Le Groupe local est défini par le fait que toutes les galaxies le constituant sont liées entre elles plus ou moins fortement par la gravitation. On estime que la masse totale du Groupe local, qui comprend au moins 80 galaxies, est de près de 3 billions (10^12), ou 3 mille milliards, de masses solaires. Celle-ci valant 2 10^30 kg, la masse totale serait de l’ordre de 6 10^42 kg. Le Groupe local a la forme d’un haltère dont les deux lobes sont plus ou moins centrées sur notre Galaxie et sur la galaxie d’Andromède (M31) qui en sont les éléments majeurs, chacune ayant autour d’elle une sorte de halo de galaxies satellites. Le diamètre extrême de l’haltère est de l’ordre de 8 à 10 millions d’années-lumière (Mly pour « million light-years »). Mais l’haltère est en train de se raccourcir. La distance, actuellement de 2,54 Mly entre Andromède et notre Galaxie, diminue à raison de près de 300 km/s. Mais les centres de gravité des deux lobes dans leur ensemble se rapprochent à raison de 123 km/s. Il faudra près de 4 milliards d’années pour que les deux galaxies fusionnent et un peu plus pour l’ensemble des deux lobes, le Groupe local prenant alors une forme sphérique d’un diamètre de 6 à 7 Mly.
Le lien gravitationnel entre les galaxies constituant le Groupe local est en concurrence avec l’antigravitation due à la constante cosmologique qui distend l’espace qui se trouve être en expansion accélérée, comme on l’a vu. Il y a un point d’équilibre entre l’attraction gravitationnelle et l’antigravitation provoquée par la constante cosmologique.
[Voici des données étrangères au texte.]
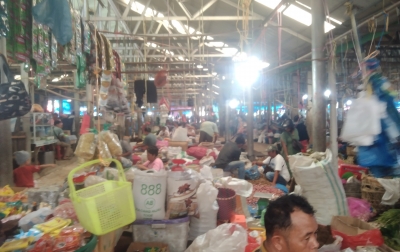 Harga Bahan Pokok di Pasar Pangururan Sepanjang April 2026 Cenderung Fluktuatif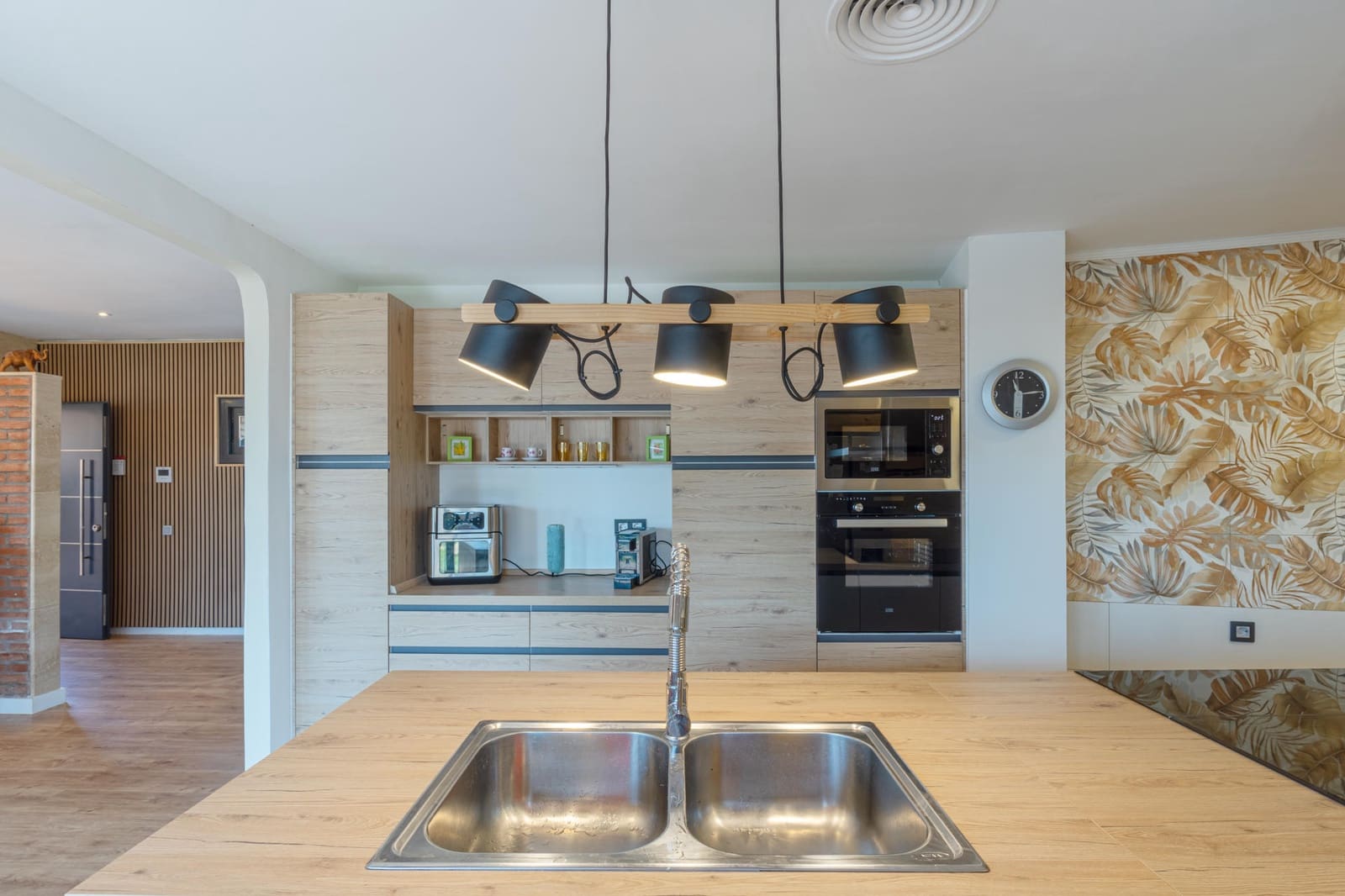 6 bedroom Villa for sale in Arenys de Mar with pool garage - € 825,000 (Ref: 9282693)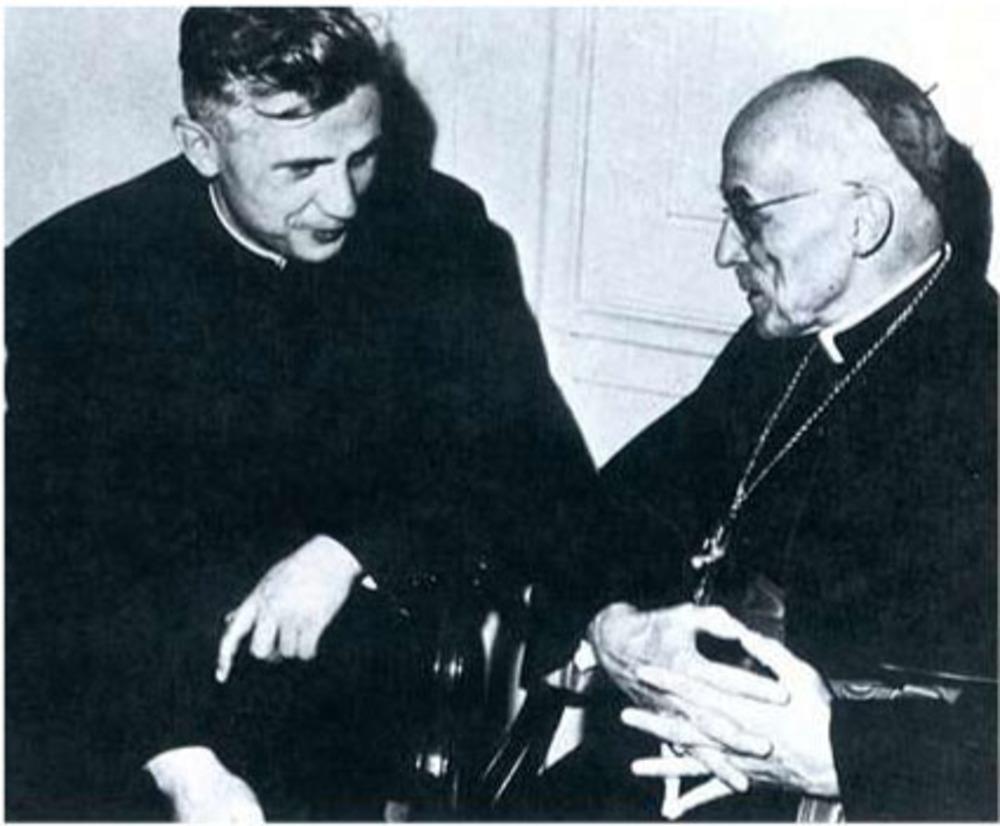 Jaren zestig. Joseph Ratzinger, professor theologie, naast Joseph Frings, kardinaal van Keulen, die hem als raadgever meenam naar het Tweede Vaticaans Concilie.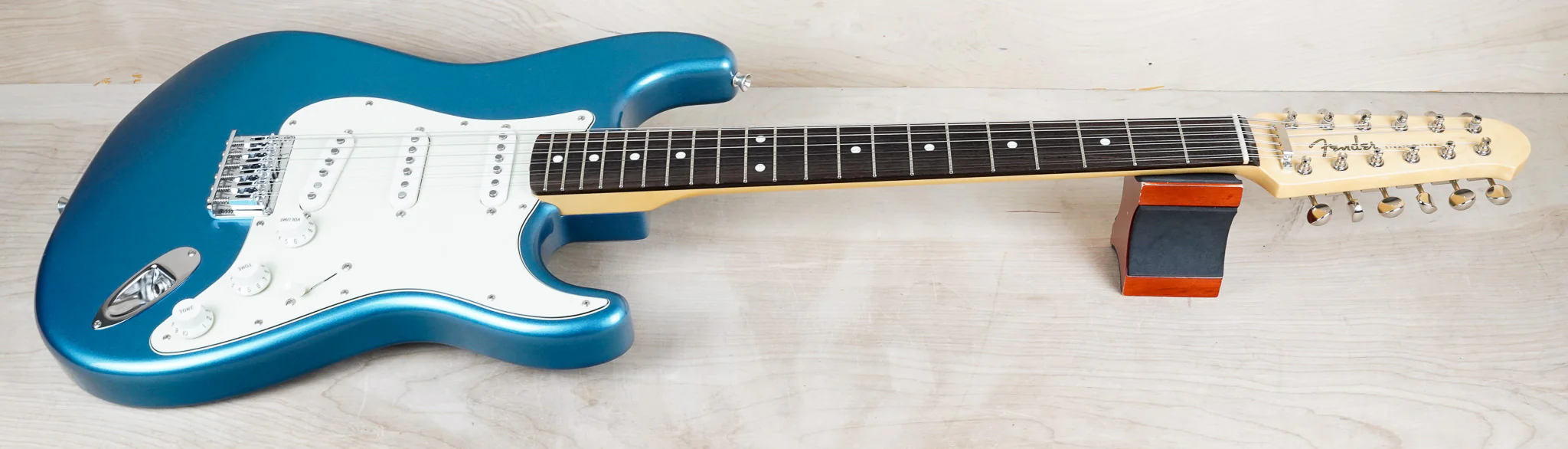 Fender Limited Stratocaster XII MIJ 2024 Lake Placid Blue 12 String Japan w/ Bag - Image 2
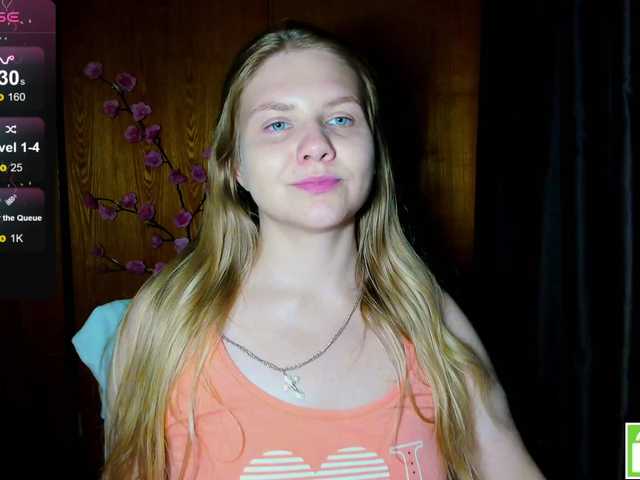 Emma-Frizea live cam on BongaCams
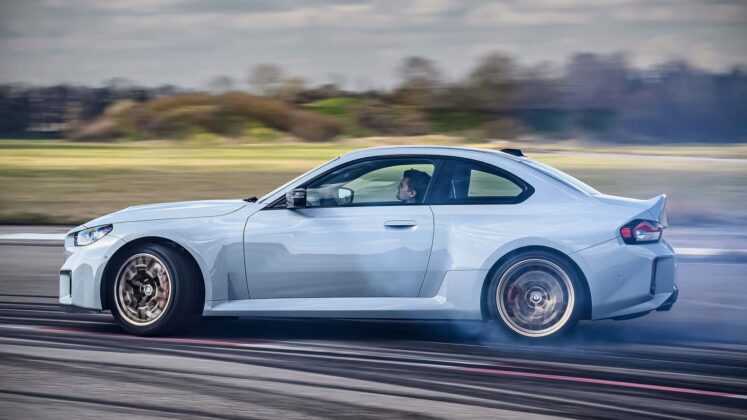 bmw m2 cs 2025 29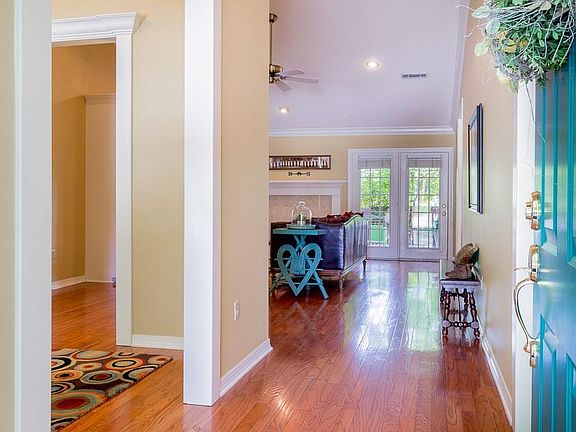 4th image of 4887 Cedar Ridge Dr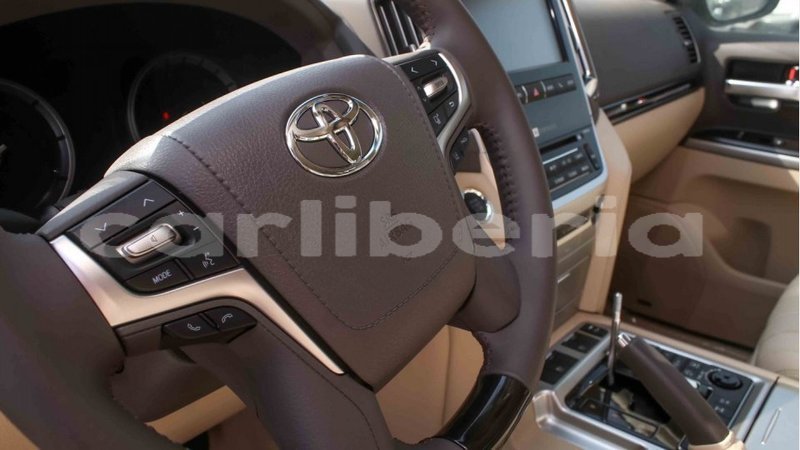 Big with watermark toyota land cruiser bomi county import dubai 2803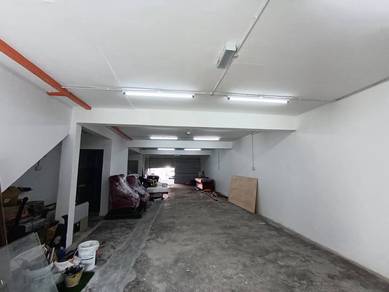 taman melawati jalan bandar 1 ground floor shop . 22x80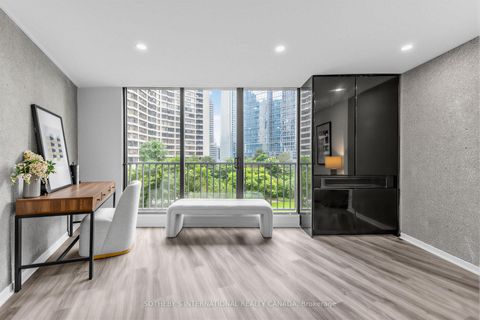 Photo 9 at 1008 - 33 Harbour Square, Waterfront Communities C1, Toronto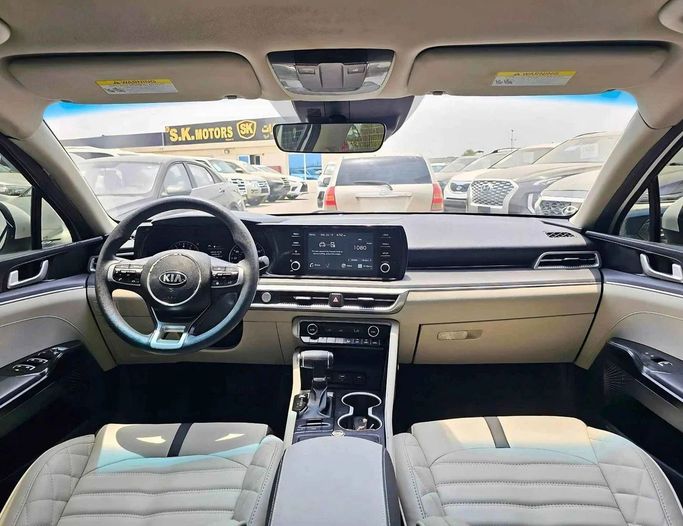 Новый Kia K5 III, 2.5 л, 2021 в Дубае от SK Motors Белый цвет. Американская | AUTO.AE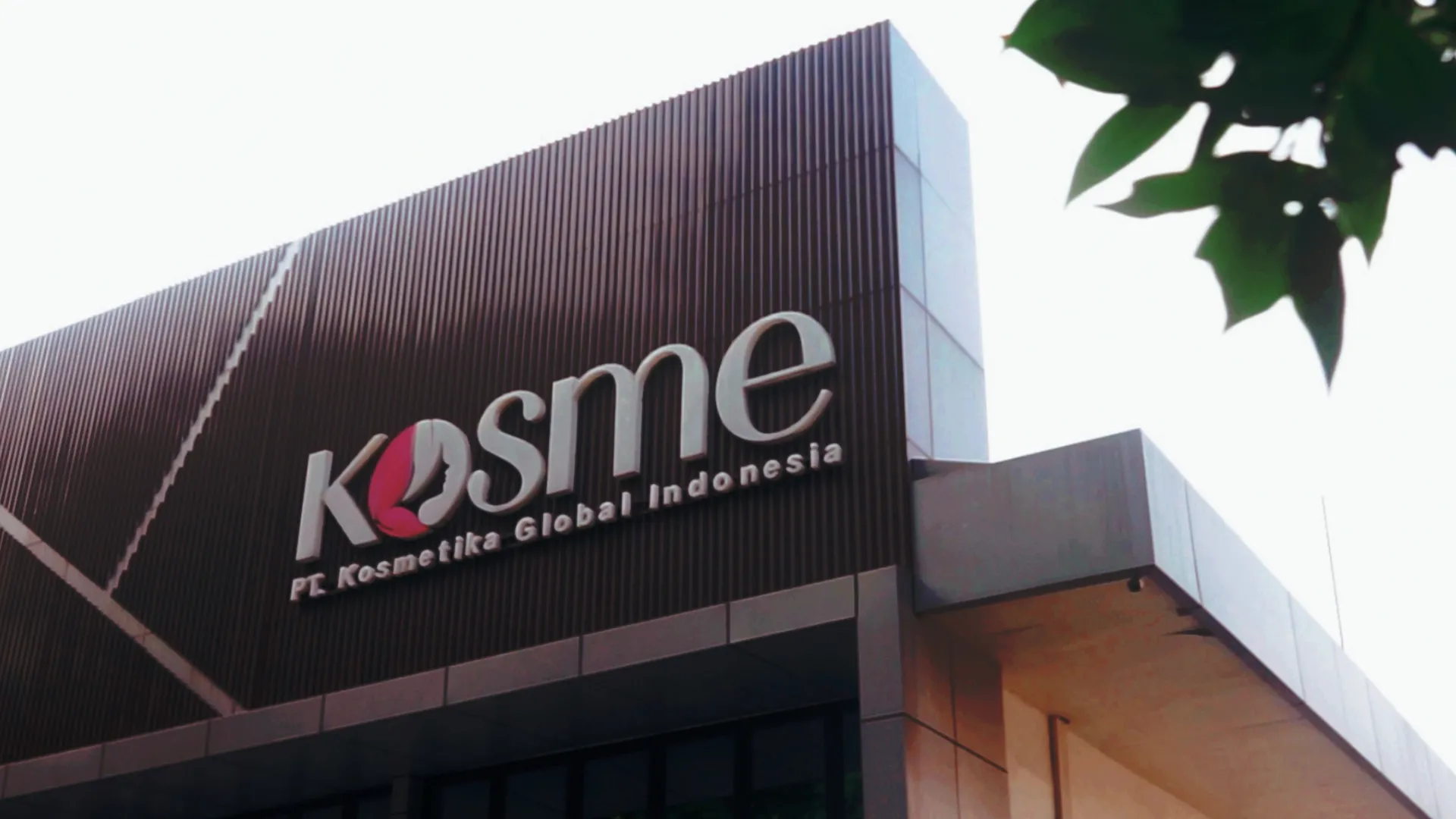 Jalin Komunikasi dengan Ratusan Brand, PT KOSME Pilih Message Blast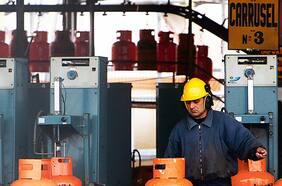 El intento de Brasil por prohibir la venta directa a clientes de gas licuado por distribuidores mayoristas que fue desechado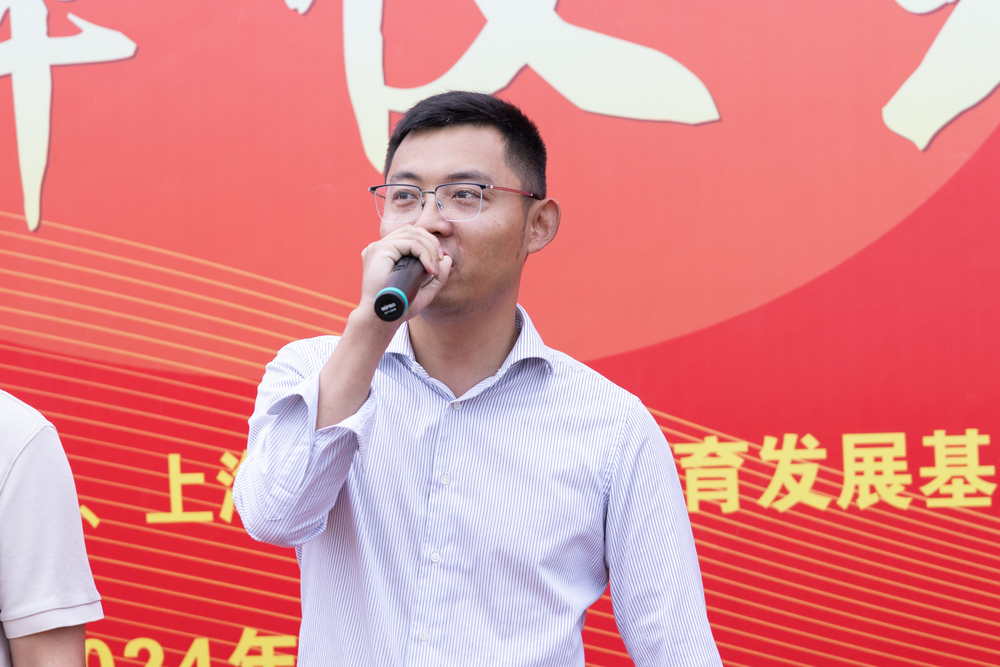 中源船务上海公司总经理汪晓龙宣布射箭基地正式启用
On peut facilement l’estimer. Il suffit d’égaler les deux « forces » opposées s’exerçant partout mais s’égalant à une certaine valeur du rayon centré sur le futur Groupe local de forme sphérique. De façon équivalente, il existe une accélération centripète gravitationnelle classique et une décélération, une accélération négative, centrifuge.
La première est donnée classiquement par G M /R² et la seconde, de signe opposé, par c² Λ R, où M est la masse totale du Groupe local, donnée ci-dessus, G, la constante de la gravitation universelle (6.67430 10^-11 m³/(kg s²)), et Λ est la constante cosmologique dont nous avons déjà pris connaissance de la valeur extrêmement faible de l’ordre de 10^-52/m², le produit c² Λ valant alors 10^-35/s² (on présente quelquefois aussi cette valeur c² Λ comme constante cosmologique). L’équation qui en résulte est simplement l’égalité entre ces deux accélérations opposées ; ce qui permet de calculer la distance d’équilibre au centre de gravité soit R = racine cubique(G M/(c² Λ)) dont la solution numérique est : 3.42 10^22 m, soit aussi 3.62 Mly. Cela correspond à un diamètre du Groupe local d’environ 7.24 Mly. Ces 3.62 Mly sont la limite entre ce qui restera visible autour de nous et ce qui s’éloignera de nous de façon irrémédiable du fait de l’expansion accélérée de l’Univers. En deçà la gravitation l’emporte, au-delà c’est l’antigravitation due à l’expansion accélérée de l’Univers. À nos yeux, seules subsisteront les galaxies du Groupe local, le reste du ciel devenant strictement noir.